**WHAT THE EXERCISE ASKS**
The answer must be an exact reprint of the lines from the one with "Investigaciones filosóficas sobre" through the final line of the data, with no pictures included.

Dataset excerpts
◇ ◇ ◇ ◇ ◇ ◇ ◇
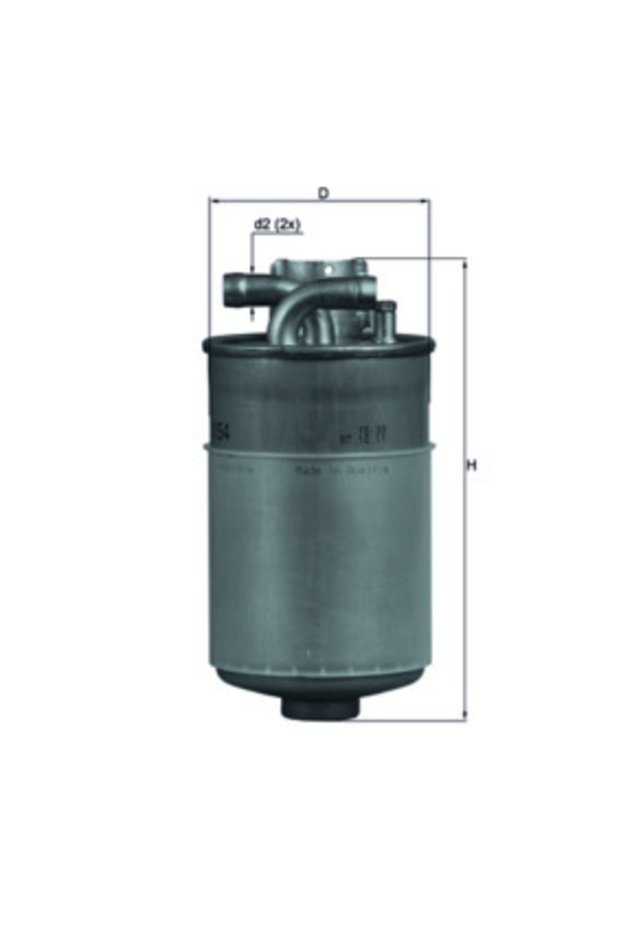 Fuel filter KL 154
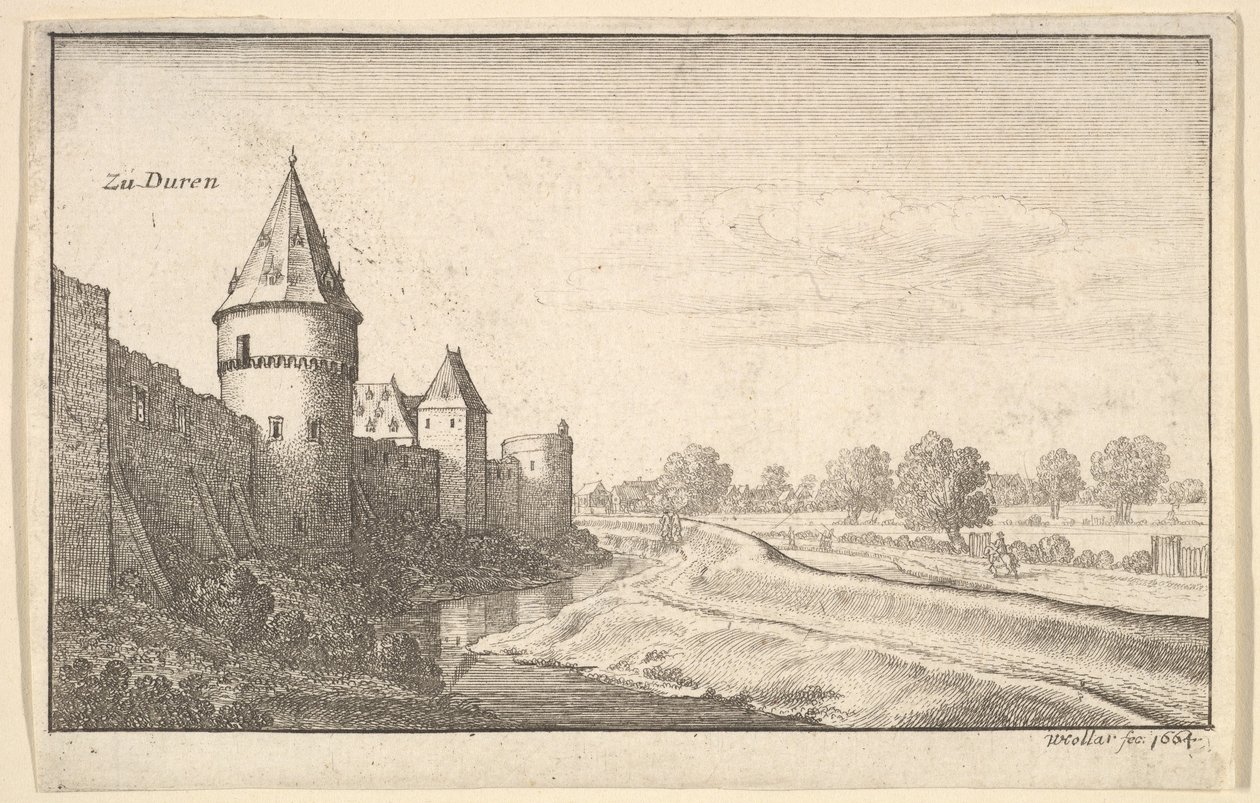 Zu Düren, az „European Views” című kiadványból alkotó: Wenceslaus Hollar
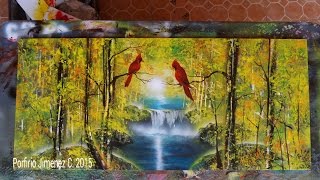 Cardinal birds in the forest [upl. by Kellda]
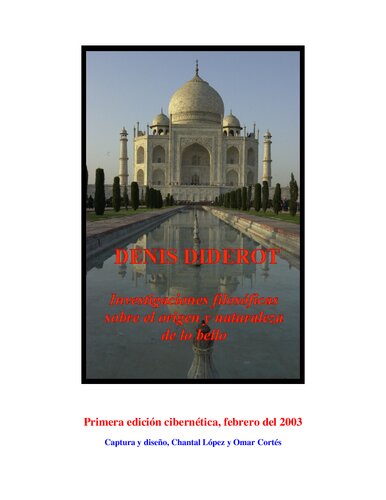 Investigaciones filosóficas sobre el origen y naturaleza de lo bello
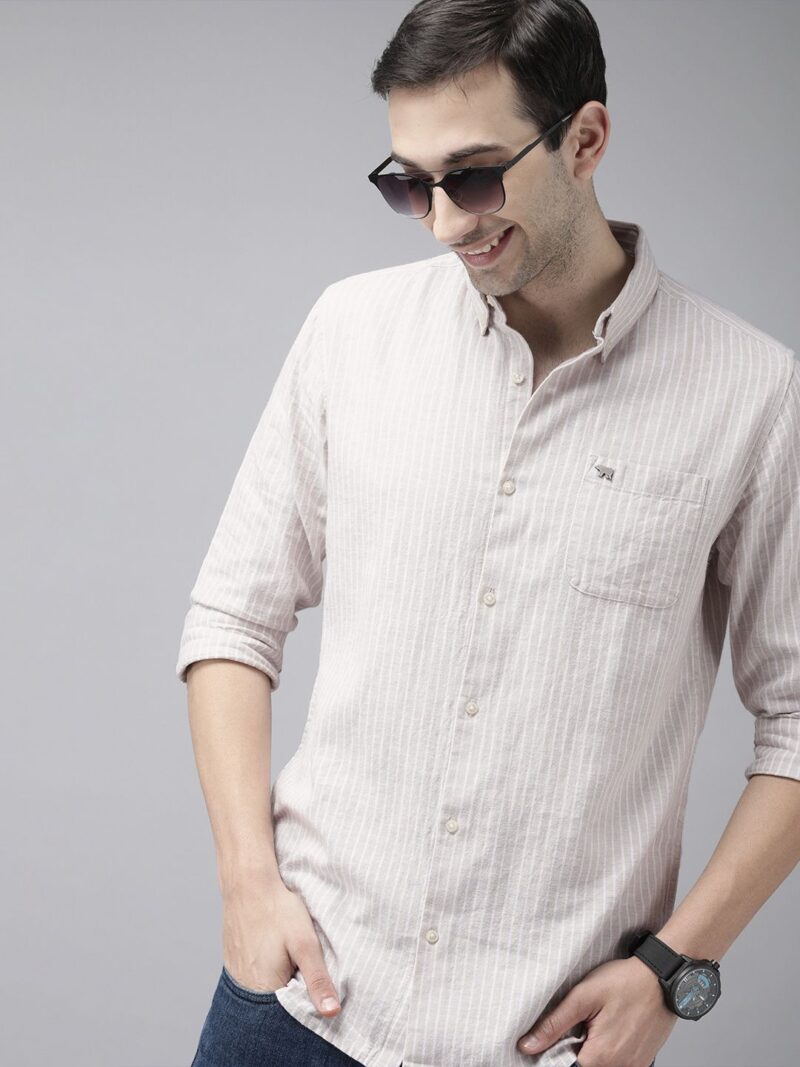 Slim Fit Linen Casual Shirt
◇ ◇ ◇ ◇ ◇ ◇ ◇
**RESULT FOR THIS EXERCISE**
 Investigaciones filosóficas sobre el origen y naturaleza de lo bello
 Slim Fit Linen Casual Shirt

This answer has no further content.